I don't have a lot of knowledge with docker so I just try changing the name of the COUCHDB_SERVERS in the docker-compose_cht-core.yml from couchdb to couchdb.1/couchdb.2/couchdb.3 just to see what happened.
Looking into how core-eng/sre architected this, the readme specifies you were right! You do need to set them. But seperate them with ,, not / ;) (note, readme is wrong!
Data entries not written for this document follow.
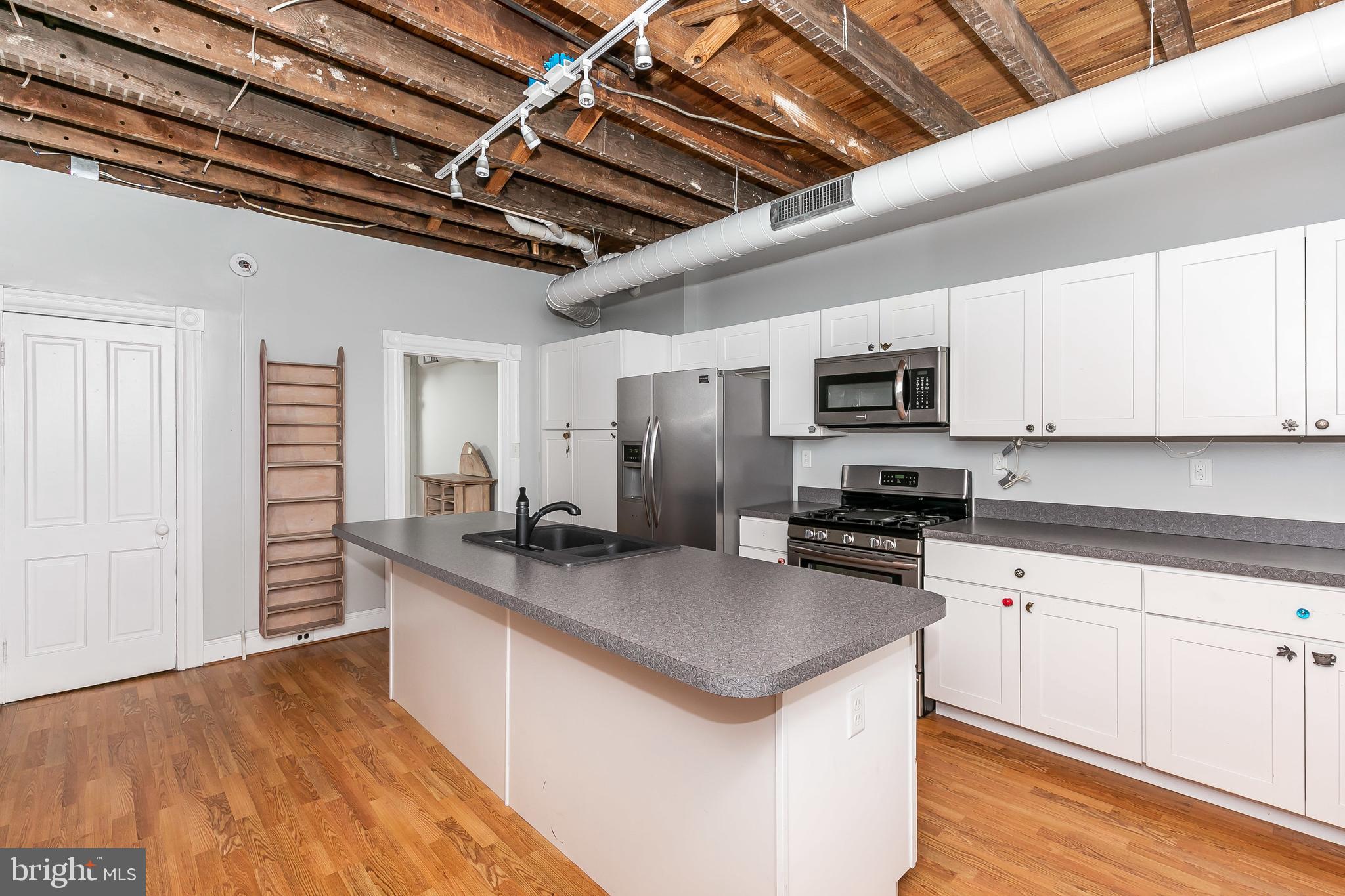 3624 Roland Avenue Baltimore, MD 21211 - Photo 18 of 42 Gallery Image 18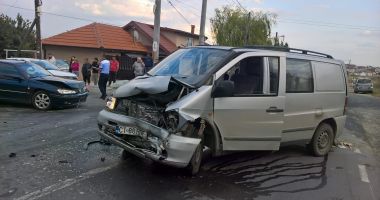 Galerie foto. Accident rutier la Constanța, din cauza unui șofer imprudent - 4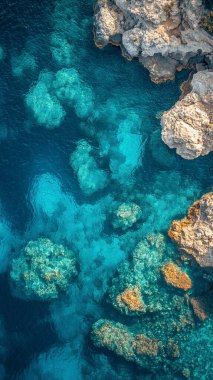 mavi deniz ve kayalar.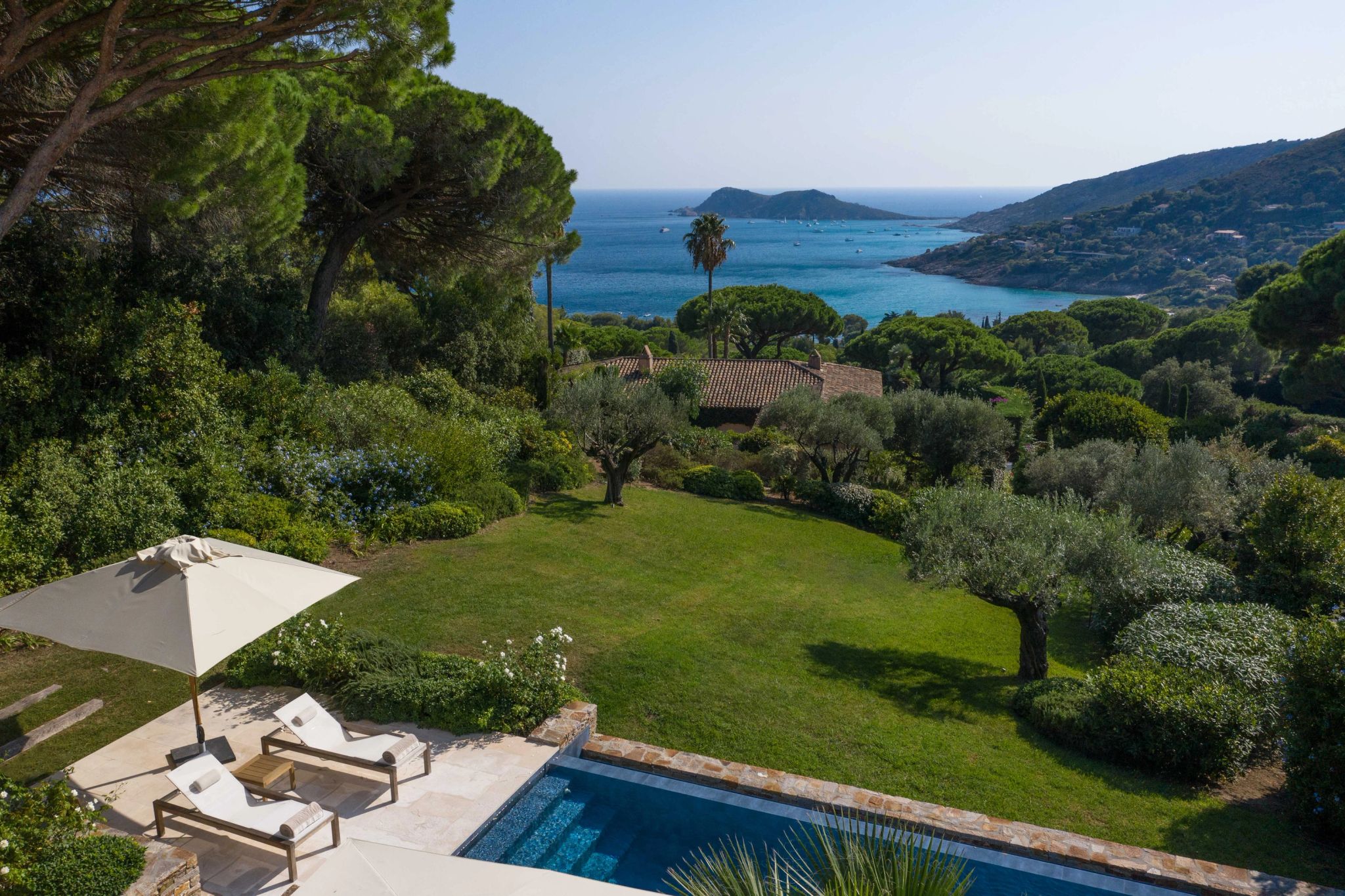 Villa 2 vila com tres quartos - piscina externa - vista mar - terraço privativo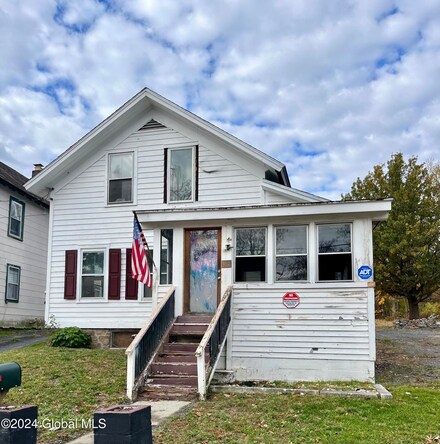 13 Lafayette St, Whitehall, NY 12887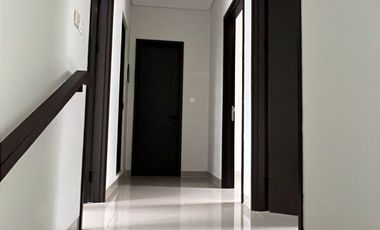 Rumah Freya Premium Disewakan Include Gorden di Cluster Flora Summarecon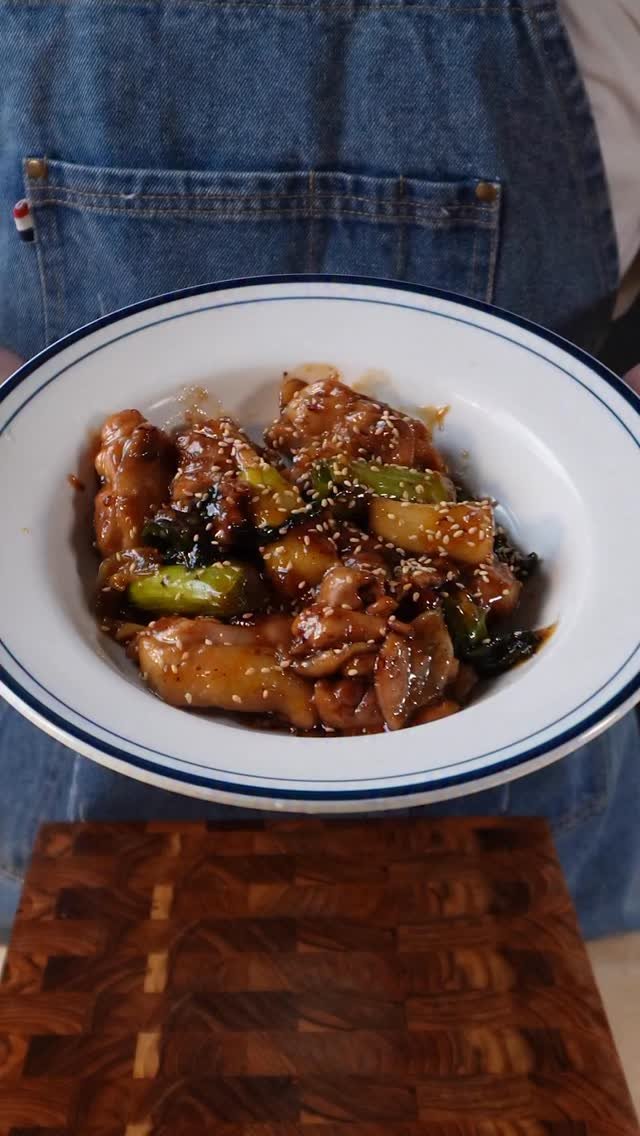 kim_seoul_638 게시물 이미지: 대파 닭 간장조림

이거 맛있으니까 꼭 해보세요ㅎㅎ

닭다리 정육 350g에 맛소금...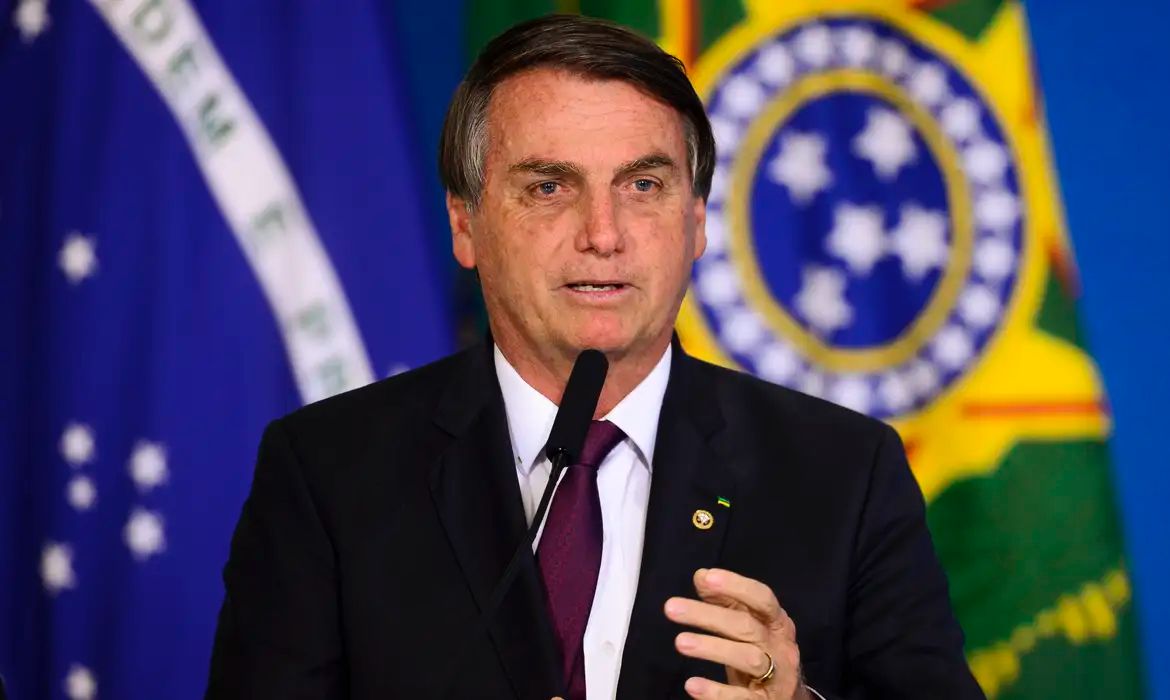 PF indicia Bolsonaro por 'fraude' em cartão de vacinação da Covid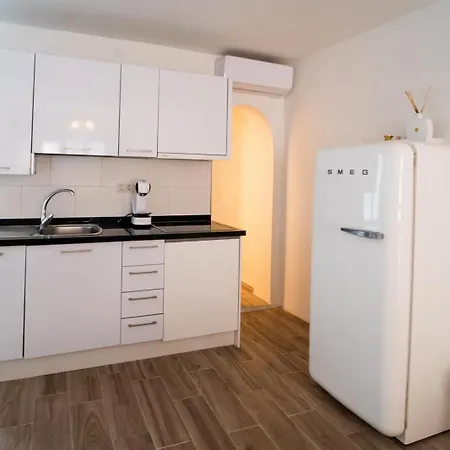 Apartment Calle Iglesia *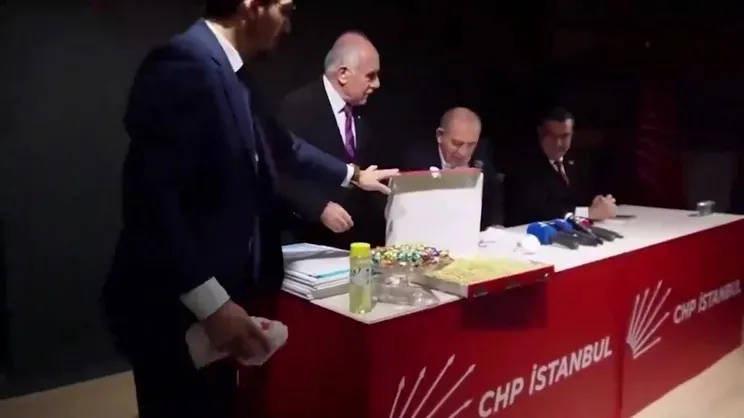 Gürsel Tekin’den CHP’li başkana ‘baklava kutulu’ rüşvet salvosu - 1
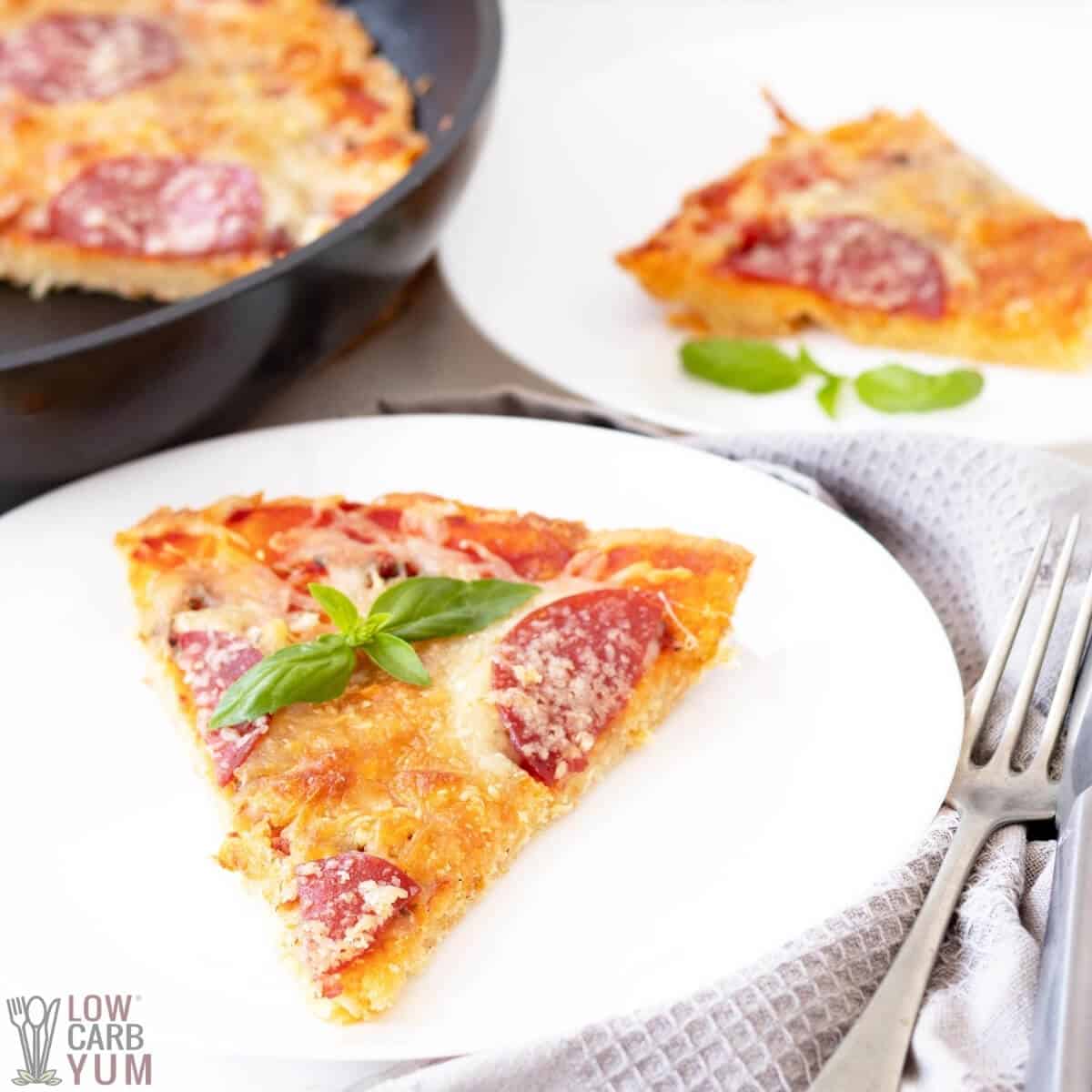 Low Carb Keto Pizza Sauce Recipe - Low Carb Yum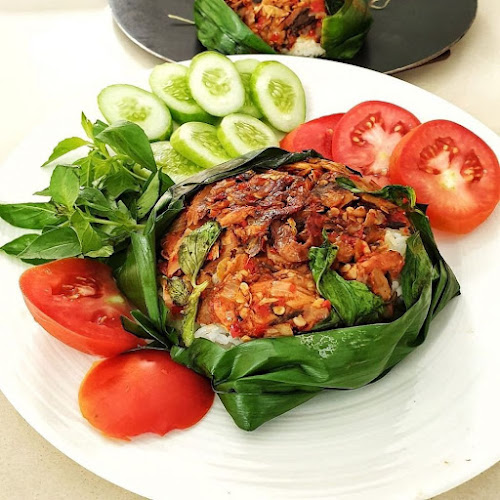 Opinii despre Pesona Angkringan Kediri în Kota Kediri - Gastronomi dan perhotelan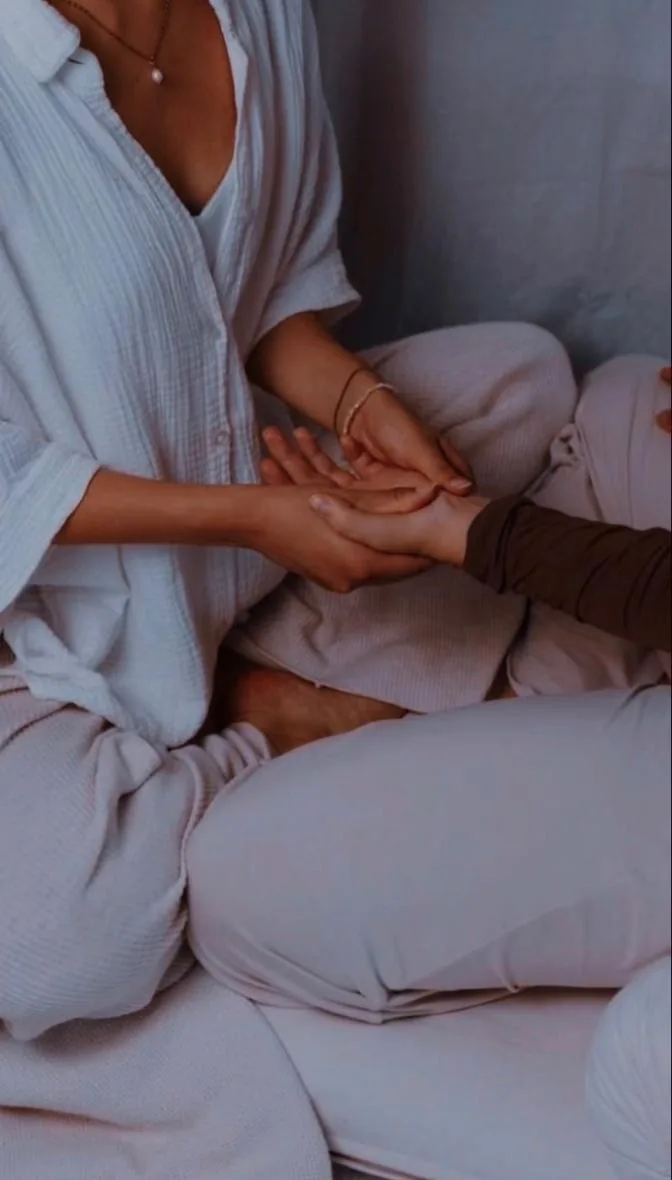 Les mains d'une maman qui enveloppent celles de son enfant, un temps de douceur partagé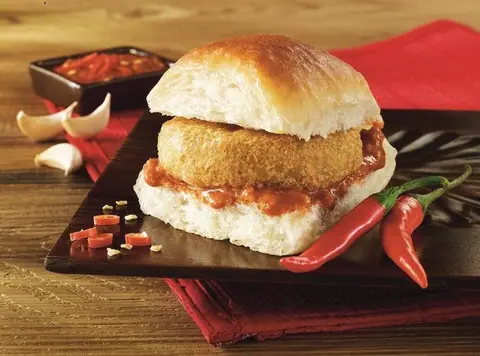 Goli Vada Pav, restaurant serving street food, rolls in Priyadarshini, Bengaluru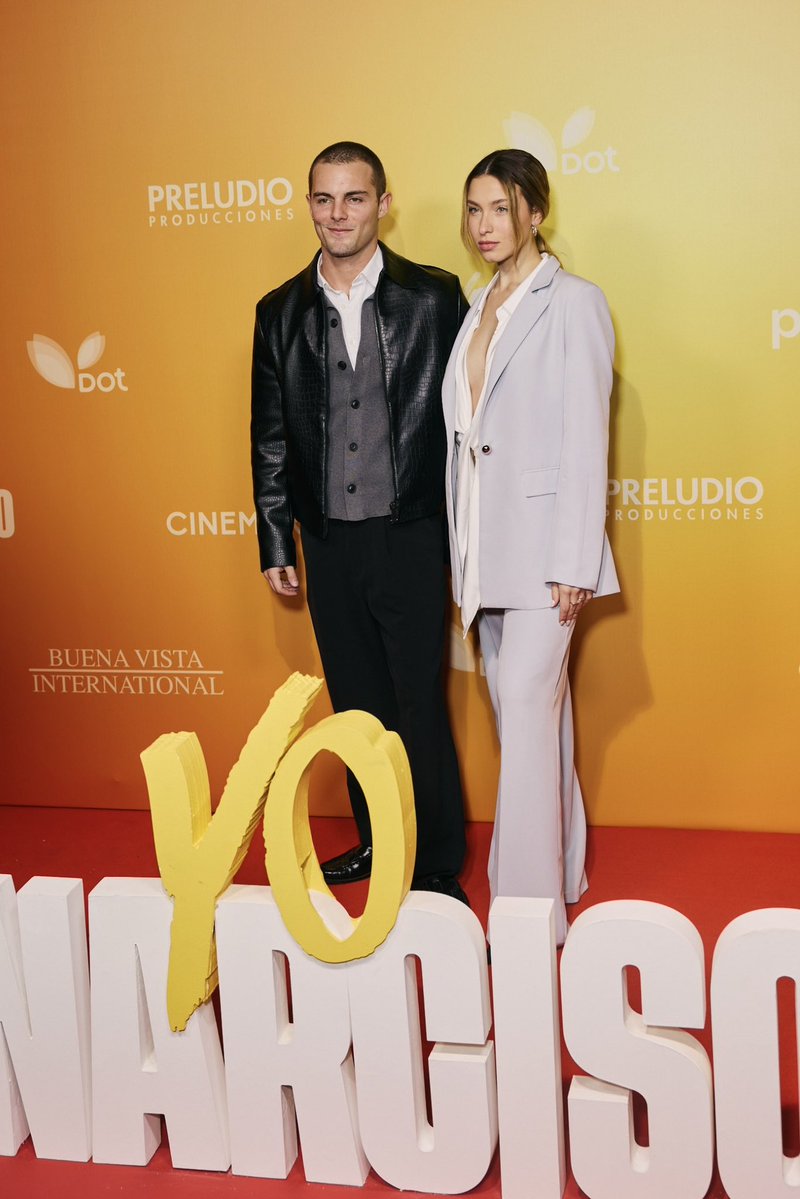 turtupab's tweet photo. Anoche en la premier de #YoNarciso 
Felicidades a todo el equipo! https://t.co/CvtlJmNQZu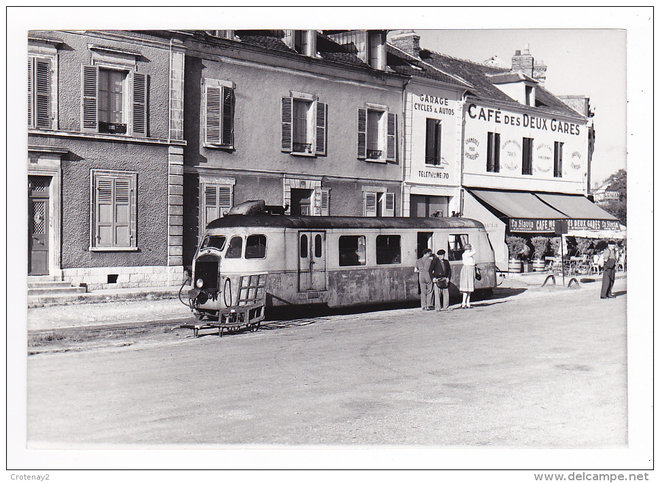 77 - Montereau PHOTO Train Autorail devant le Café des deux Gares et garage Cycles Autos Le 9 août 1958.jpg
We want to use a single COUCHDB_SERVERS, not discrete COUCHDB1_SERVER etc - I'll open another PR to fix this tomorrow)
I was able to use these steps to test with clustered couch on this branch:
- Download cht-core and clustered couch from this branch
- call compose up with:
COUCHDB_SERVERS="couchdb.1,couchdb.2,couchdb.3" COUCHDB_PASSWORD=password COUCHDB_USER=medic docker-compose -f docker-compose_cht-couchdb-clustered.yml -f docker-compose_cht-core.yml up
Thank you @dianabarsan and @mrjones-plip for your help.
I think that I have tested everything correctly this time, here are the results:
Using single node CouchDB
- The instance was up and running with no issues.
- The instance was persistent when the couchdb container was restarted.
- Using the offline user the session persisted after the couchdb container was restarted and the
sinceparameter never goes back to0
Video attached
Using clustered CouchDB
- Using the instructions from @mrjones-plip in the previous comment I was able to get the instance up and running with no issues.
- The instance was persistent when the couchdb container was restarted.
- And same thing using the offline user the session persisted after the couchdb.1, couchdb.2 and couchdb.3 containers were restarted and the
sinceparameter never goes back to0
Video attached
@dianabarsan please let me know is there is anything else that I am missing and should test, and thanks again, I learned a lot from this ticket.